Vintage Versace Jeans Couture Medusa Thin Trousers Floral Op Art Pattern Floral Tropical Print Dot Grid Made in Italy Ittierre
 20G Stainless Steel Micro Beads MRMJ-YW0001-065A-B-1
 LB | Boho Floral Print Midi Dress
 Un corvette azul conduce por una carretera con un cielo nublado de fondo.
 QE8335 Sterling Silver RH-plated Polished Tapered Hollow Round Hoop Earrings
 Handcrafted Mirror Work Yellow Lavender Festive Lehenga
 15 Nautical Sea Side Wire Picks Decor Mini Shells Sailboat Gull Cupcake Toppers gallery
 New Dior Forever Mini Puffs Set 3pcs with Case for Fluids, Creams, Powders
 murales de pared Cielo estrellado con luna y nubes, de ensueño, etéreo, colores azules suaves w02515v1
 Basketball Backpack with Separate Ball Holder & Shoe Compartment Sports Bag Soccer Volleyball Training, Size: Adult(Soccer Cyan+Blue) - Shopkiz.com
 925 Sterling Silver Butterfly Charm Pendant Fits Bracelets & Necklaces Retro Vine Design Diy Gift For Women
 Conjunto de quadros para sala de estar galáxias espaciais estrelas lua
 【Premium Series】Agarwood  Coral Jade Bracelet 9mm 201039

-.-.-

The answer must be every record above, repeated exactly as written.

Vintage Versace Jeans Couture Medusa Thin Trousers Floral Op Art Pattern Floral Tropical Print Dot Grid Made in Italy Ittierre
 20G Stainless Steel Micro Beads MRMJ-YW0001-065A-B-1
 LB | Boho Floral Print Midi Dress
 Un corvette azul conduce por una carretera con un cielo nublado de fondo.
 QE8335 Sterling Silver RH-plated Polished Tapered Hollow Round Hoop Earrings
 Handcrafted Mirror Work Yellow Lavender Festive Lehenga
 15 Nautical Sea Side Wire Picks Decor Mini Shells Sailboat Gull Cupcake Toppers gallery
 New Dior Forever Mini Puffs Set 3pcs with Case for Fluids, Creams, Powders
 murales de pared Cielo estrellado con luna y nubes, de ensueño, etéreo, colores azules suaves w02515v1
 Basketball Backpack with Separate Ball Holder & Shoe Compartment Sports Bag Soccer Volleyball Training, Size: Adult(Soccer Cyan+Blue) - Shopkiz.com
 925 Sterling Silver Butterfly Charm Pendant Fits Bracelets & Necklaces Retro Vine Design Diy Gift For Women
 Conjunto de quadros para sala de estar galáxias espaciais estrelas lua
 【Premium Series】Agarwood  Coral Jade Bracelet 9mm 201039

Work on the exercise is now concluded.